#### Data for processing
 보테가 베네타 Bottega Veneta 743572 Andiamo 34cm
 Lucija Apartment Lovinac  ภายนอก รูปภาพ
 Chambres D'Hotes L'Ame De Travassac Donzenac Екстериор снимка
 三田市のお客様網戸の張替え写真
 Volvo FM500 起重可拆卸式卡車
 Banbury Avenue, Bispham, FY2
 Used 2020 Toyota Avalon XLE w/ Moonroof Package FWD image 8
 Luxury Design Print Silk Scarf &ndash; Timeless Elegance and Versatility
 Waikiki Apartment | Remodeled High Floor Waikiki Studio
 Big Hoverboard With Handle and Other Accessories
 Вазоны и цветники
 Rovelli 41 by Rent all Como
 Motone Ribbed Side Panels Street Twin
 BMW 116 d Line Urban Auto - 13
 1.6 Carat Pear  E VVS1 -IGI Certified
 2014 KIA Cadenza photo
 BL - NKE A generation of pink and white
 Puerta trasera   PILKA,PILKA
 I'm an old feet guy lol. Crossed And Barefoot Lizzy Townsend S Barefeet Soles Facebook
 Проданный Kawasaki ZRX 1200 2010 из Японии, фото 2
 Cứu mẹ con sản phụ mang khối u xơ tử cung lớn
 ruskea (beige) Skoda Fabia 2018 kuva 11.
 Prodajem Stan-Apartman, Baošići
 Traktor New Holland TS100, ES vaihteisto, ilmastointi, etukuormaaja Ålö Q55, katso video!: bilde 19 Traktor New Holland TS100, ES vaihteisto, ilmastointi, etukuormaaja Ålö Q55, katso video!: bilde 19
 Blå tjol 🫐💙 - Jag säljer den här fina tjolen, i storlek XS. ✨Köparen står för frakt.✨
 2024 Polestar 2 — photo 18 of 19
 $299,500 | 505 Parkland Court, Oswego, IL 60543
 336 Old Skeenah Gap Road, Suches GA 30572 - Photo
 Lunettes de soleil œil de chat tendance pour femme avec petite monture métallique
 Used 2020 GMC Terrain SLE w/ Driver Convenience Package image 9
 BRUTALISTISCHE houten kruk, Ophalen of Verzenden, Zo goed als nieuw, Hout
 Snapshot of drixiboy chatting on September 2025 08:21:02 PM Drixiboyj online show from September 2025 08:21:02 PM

#### What to work on
Print each entry precisely. Include every line.

#### Your solution
 보테가 베네타 Bottega Veneta 743572 Andiamo 34cm
 Lucija Apartment Lovinac  ภายนอก รูปภาพ
 Chambres D'Hotes L'Ame De Travassac Donzenac Екстериор снимка
 三田市のお客様網戸の張替え写真
 Volvo FM500 起重可拆卸式卡車
 Banbury Avenue, Bispham, FY2
 Used 2020 Toyota Avalon XLE w/ Moonroof Package FWD image 8
 Luxury Design Print Silk Scarf &ndash; Timeless Elegance and Versatility
 Waikiki Apartment | Remodeled High Floor Waikiki Studio
 Big Hoverboard With Handle and Other Accessories
 Вазоны и цветники
 Rovelli 41 by Rent all Como
 Motone Ribbed Side Panels Street Twin
 BMW 116 d Line Urban Auto - 13
 1.6 Carat Pear  E VVS1 -IGI Certified
 2014 KIA Cadenza photo
 BL - NKE A generation of pink and white
 Puerta trasera   PILKA,PILKA
 I'm an old feet guy lol. Crossed And Barefoot Lizzy Townsend S Barefeet Soles Facebook
 Проданный Kawasaki ZRX 1200 2010 из Японии, фото 2
 Cứu mẹ con sản phụ mang khối u xơ tử cung lớn
 ruskea (beige) Skoda Fabia 2018 kuva 11.
 Prodajem Stan-Apartman, Baošići
 Traktor New Holland TS100, ES vaihteisto, ilmastointi, etukuormaaja Ålö Q55, katso video!: bilde 19 Traktor New Holland TS100, ES vaihteisto, ilmastointi, etukuormaaja Ålö Q55, katso video!: bilde 19
 Blå tjol 🫐💙 - Jag säljer den här fina tjolen, i storlek XS. ✨Köparen står för frakt.✨
 2024 Polestar 2 — photo 18 of 19
 $299,500 | 505 Parkland Court, Oswego, IL 60543
 336 Old Skeenah Gap Road, Suches GA 30572 - Photo
 Lunettes de soleil œil de chat tendance pour femme avec petite monture métallique
 Used 2020 GMC Terrain SLE w/ Driver Convenience Package image 9
 BRUTALISTISCHE houten kruk, Ophalen of Verzenden, Zo goed als nieuw, Hout
 Snapshot of drixiboy chatting on September 2025 08:21:02 PM Drixiboyj online show from September 2025 08:21:02 PM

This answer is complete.